Après cinq ans d’études en ostéopathie animale et un diplôme de l’ordre des vétérinaires, Anaïs s’est fait un nom dans le domaine. Sa clientèle est plutôt établie. « Je travaille avec un grand nombre de professionnels assez récurrents toute l’année ». Après avoir su conquérir les gardians et manadiers sur l’efficacité de son travail, elle n’hésite pas à faire un suivi précis des bêtes à cornes qu’elle rencontre. « Quand des problématiques reviennent, je peux savoir pourquoi cela revient, en fonction de comment le taureau évolue en piste ».

Pour cela, elle va jusqu’à les voir courir dans les arènes, notamment lors de la course camarguaise dans les arènes de Nîmes, le jeudi 13 août dernier. Parmi les bêtes qui couraient, quatre sont suivies par l’ostéopathe, deux de la manade Laurent (basée sur Arles) et deux de la manade Nicollin (basée dans le Gard). Elle vient les observer en conditions réelles. « Ce sont des taureaux que je vois toute la saison de course, de mars à octobre ».

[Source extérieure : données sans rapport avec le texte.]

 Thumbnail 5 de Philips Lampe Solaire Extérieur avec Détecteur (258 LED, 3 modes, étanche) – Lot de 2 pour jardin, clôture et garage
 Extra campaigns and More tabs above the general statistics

Une manière de faire bien spécifique

Le suivi est différent en fonction des taureaux et de leur niveau. En effet, Anaïs Bernard peut consulter les animaux pour un suivi de confort, une à deux fois par an, un contrôle de routine, mais encore pour une échéance sportive. Certaines fois, l’ostéopathe est aussi un tremplin pour les taureaux qui ont beaucoup de talent. « Je distingue le cocardier (taureau de race camarguaise) que je vais manipuler car il s’est fait mal et celui sur lequel le manadier va avoir un grand espoir dessus. Celui-là est sûrement le taureau vedette de la manade, donc il doit être au top de sa forme ».

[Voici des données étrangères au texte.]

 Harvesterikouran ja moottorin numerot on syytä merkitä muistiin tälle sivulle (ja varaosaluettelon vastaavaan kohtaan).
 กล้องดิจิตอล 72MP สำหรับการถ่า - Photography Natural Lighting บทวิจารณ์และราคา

Dans ce cas-là, Anaïs donne des interventions plus régulièrement. Elle a notamment suivi des taureaux talentueux, des biòus d’or, tels que Jupiter de la manade Laurent en 2018 et plus récemment, Bohémien de la manade Rouquette, élu l’année dernière.

Dans un couloir adapté aux soins, pas trop étroit pour que le taureau puisse bouger mais pas trop large pour qu’il ne puisse pas se retourner, Anaïs effectue ses manipulations, estimant que les bêtes sauvages sont plus faciles à toucher. « Plus le taureau est sauvage, plus il est réceptif, c’est son instinct ». Elle explore le mouvement d’une articulation, d’un viscère ou bien d’un muscle. En cas de restriction de mouvement, elle corrige.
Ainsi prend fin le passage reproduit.